> What you will do: Transcribe, exactly and without pictures, the lines below from the line with "Diamond Oval and" to the line with "- VonHaus Socket", both ends included, and no others.

> Records to use:

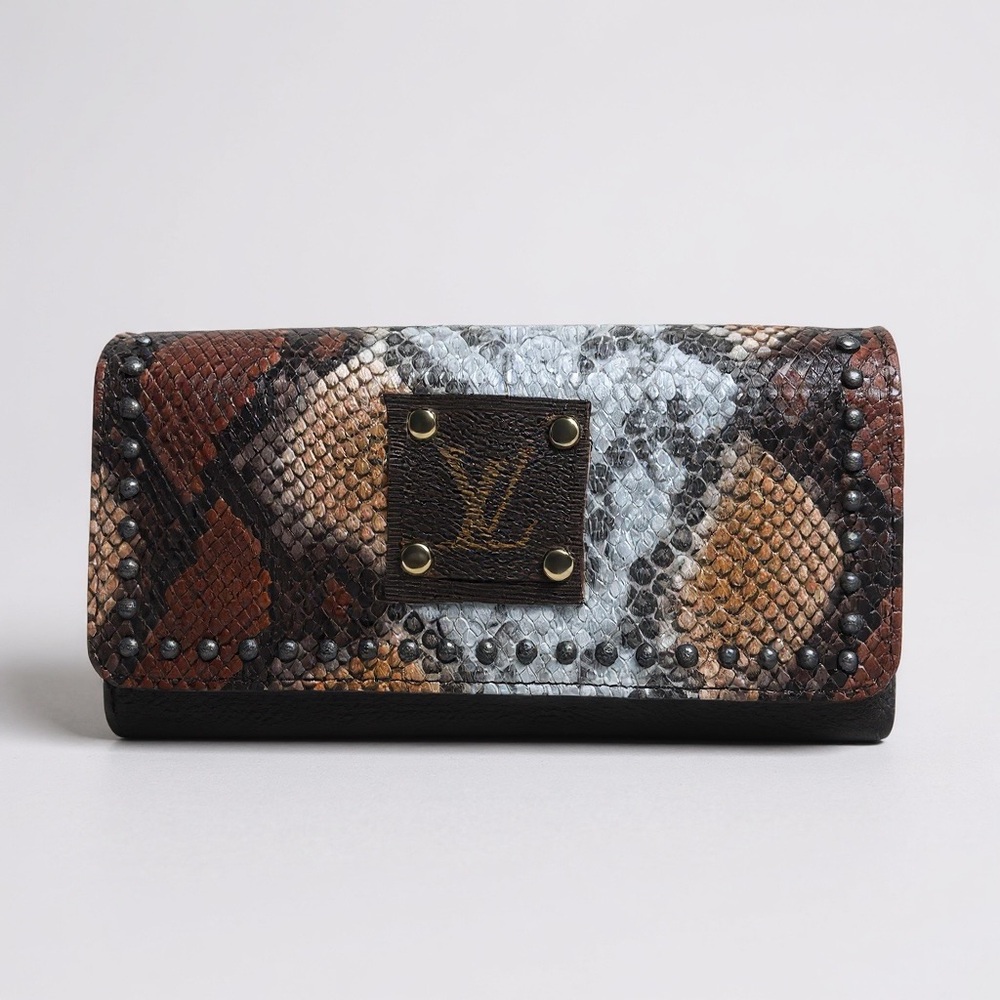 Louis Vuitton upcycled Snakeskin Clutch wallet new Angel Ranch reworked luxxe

...

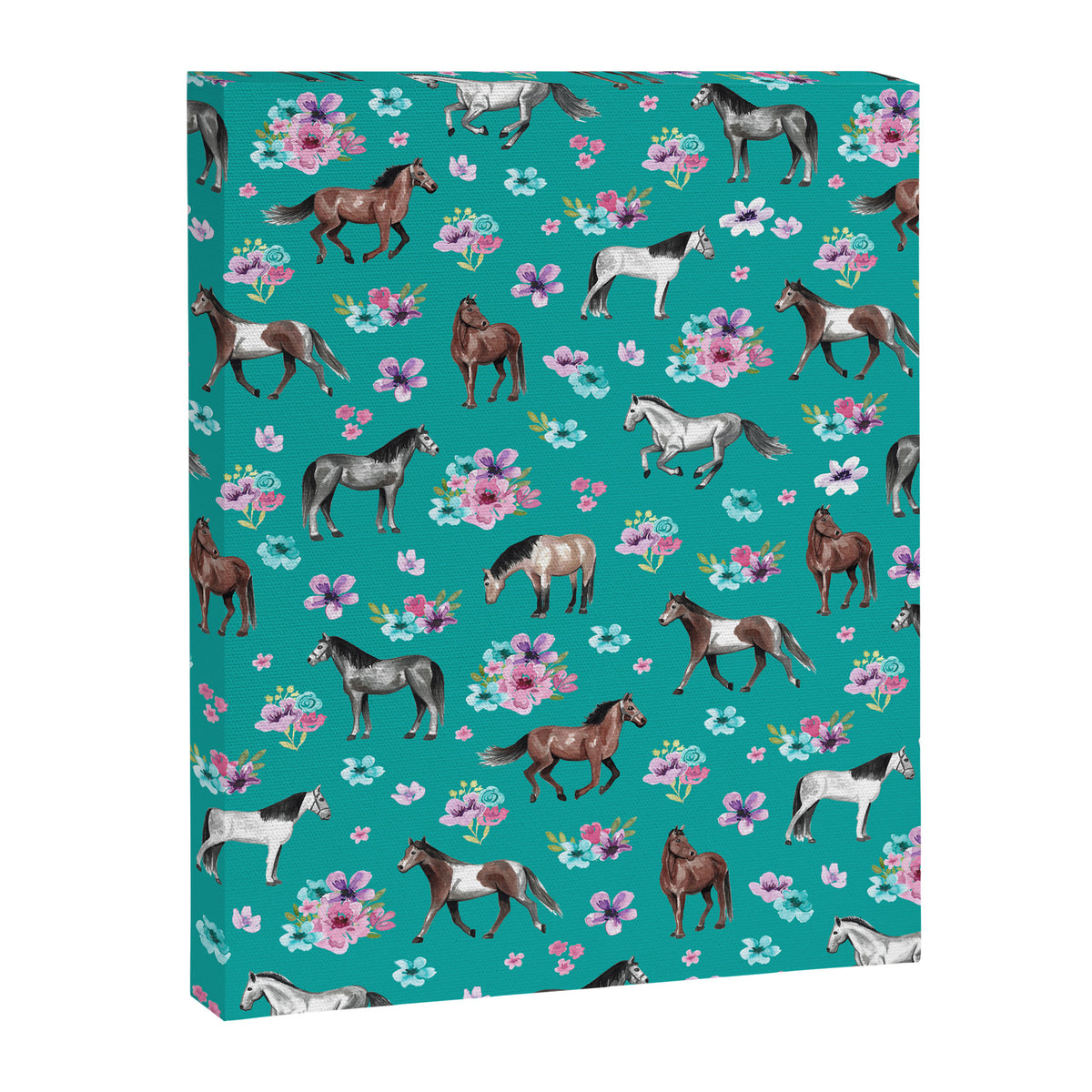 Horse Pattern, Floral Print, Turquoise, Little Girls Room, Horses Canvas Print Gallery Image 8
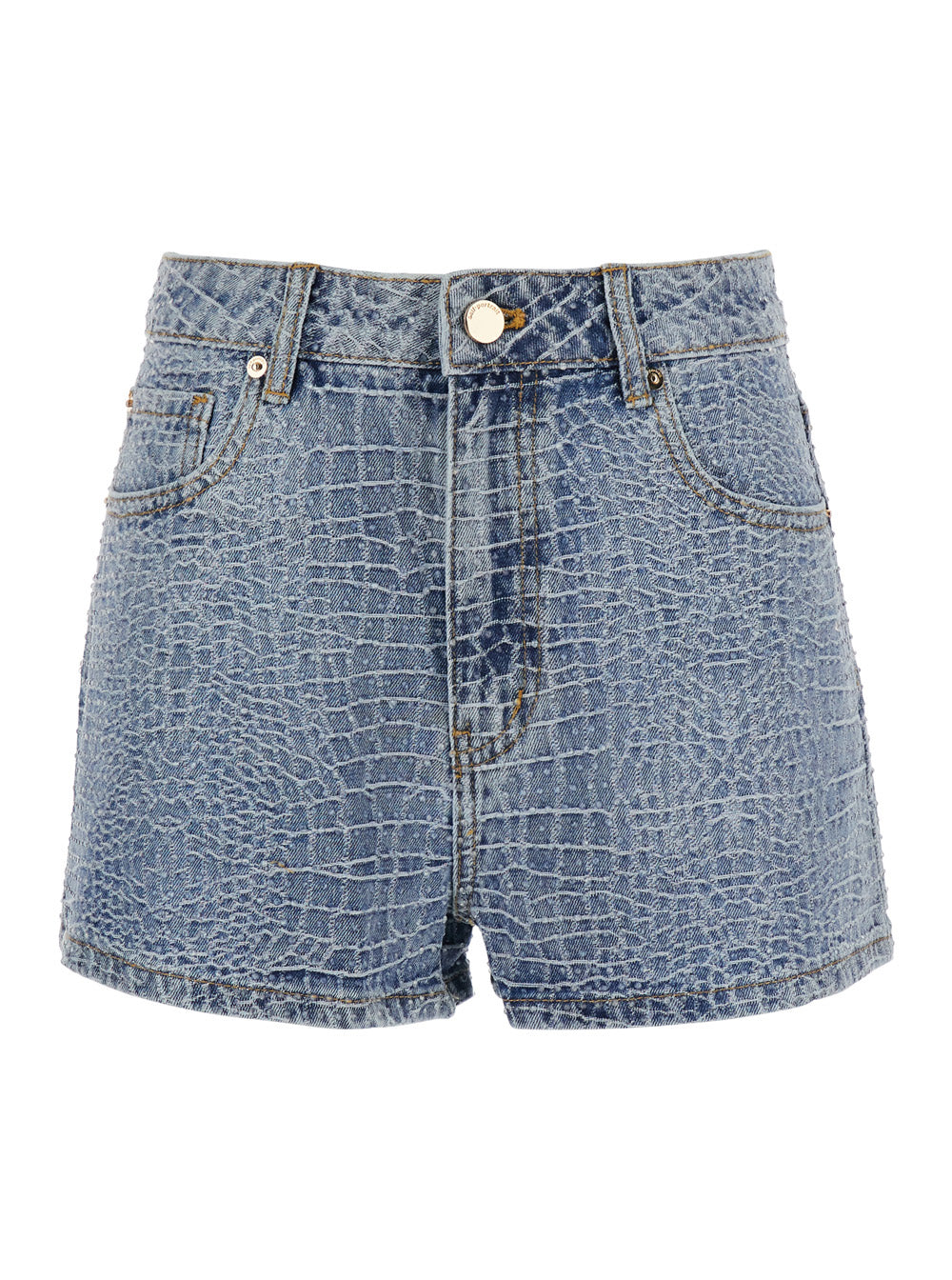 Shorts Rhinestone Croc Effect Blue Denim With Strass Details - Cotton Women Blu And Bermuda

--

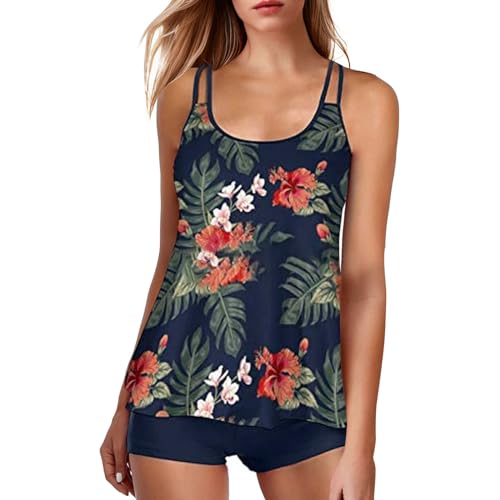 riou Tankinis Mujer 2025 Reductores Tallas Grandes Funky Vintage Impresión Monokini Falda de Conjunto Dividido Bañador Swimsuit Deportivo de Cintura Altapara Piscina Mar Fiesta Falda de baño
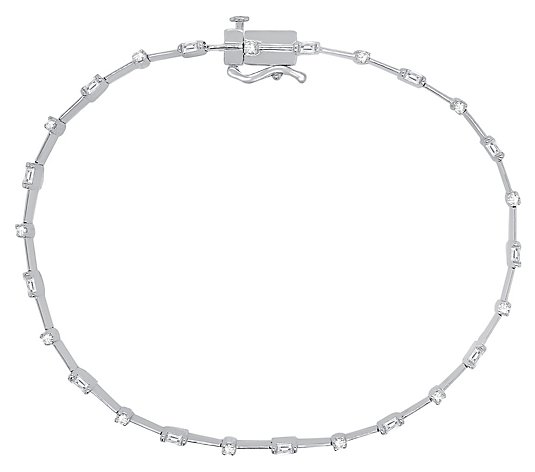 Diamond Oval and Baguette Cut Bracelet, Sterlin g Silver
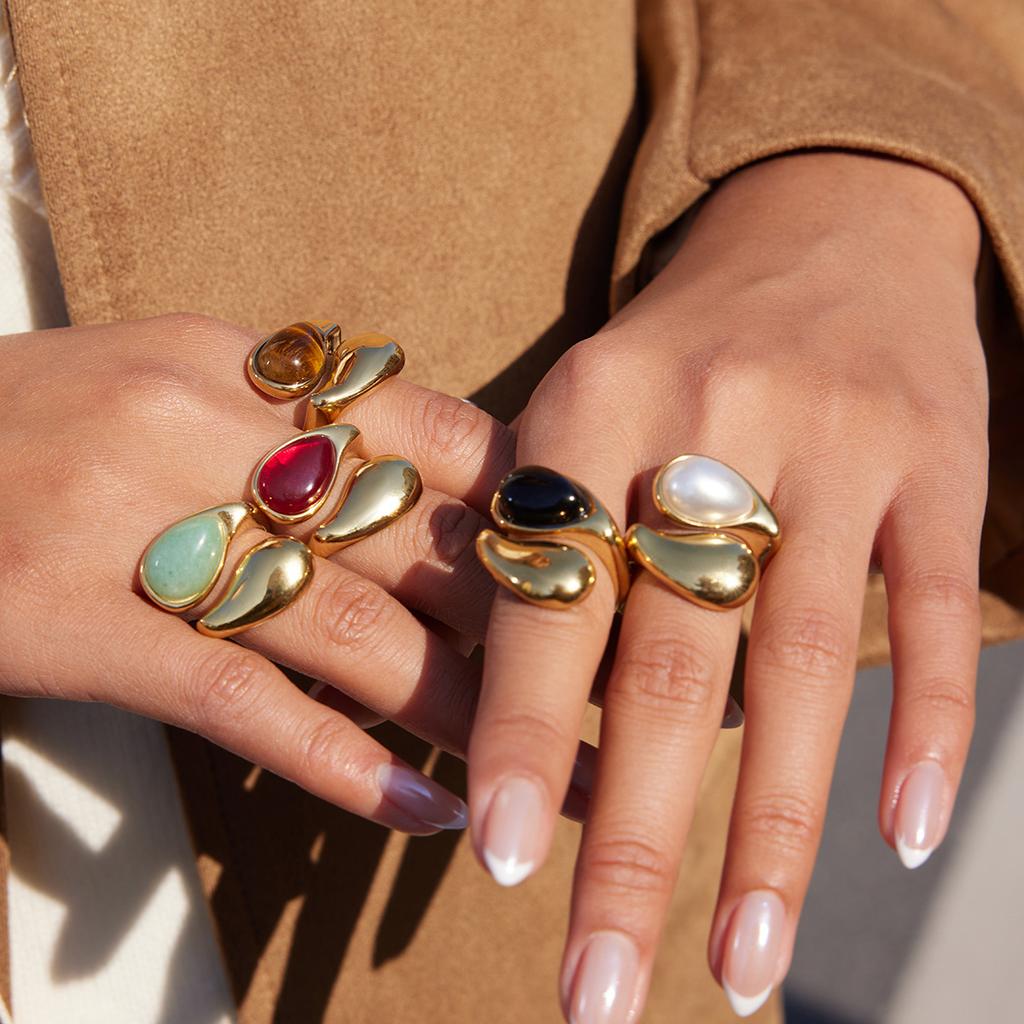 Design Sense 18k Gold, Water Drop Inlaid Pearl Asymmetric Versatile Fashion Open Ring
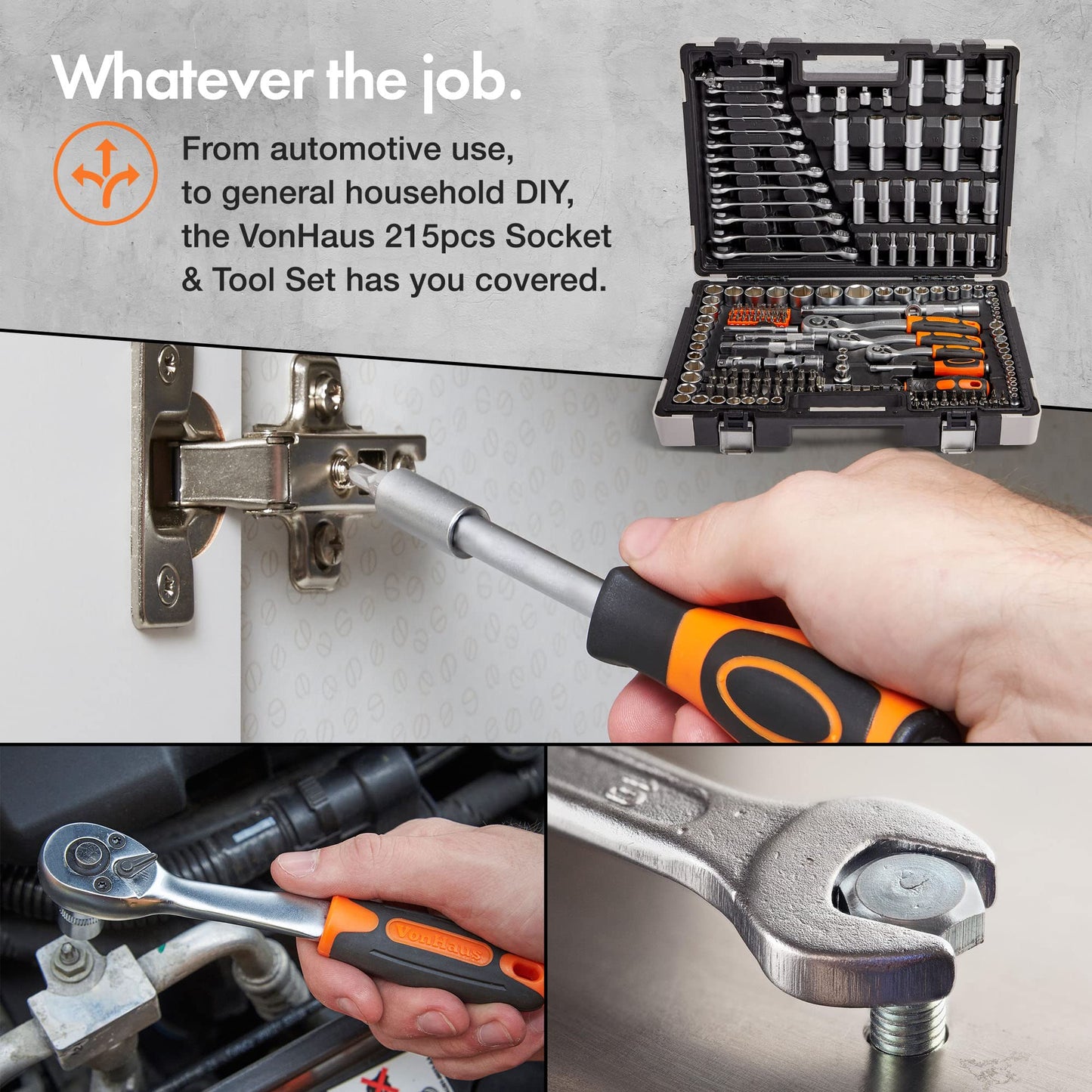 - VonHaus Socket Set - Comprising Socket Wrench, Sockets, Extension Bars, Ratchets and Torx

> Problem solution:
 Diamond Oval and Baguette Cut Bracelet, Sterlin g Silver
 Design Sense 18k Gold, Water Drop Inlaid Pearl Asymmetric Versatile Fashion Open Ring
 - VonHaus Socket Set - Comprising Socket Wrench, Sockets, Extension Bars, Ratchets and Torx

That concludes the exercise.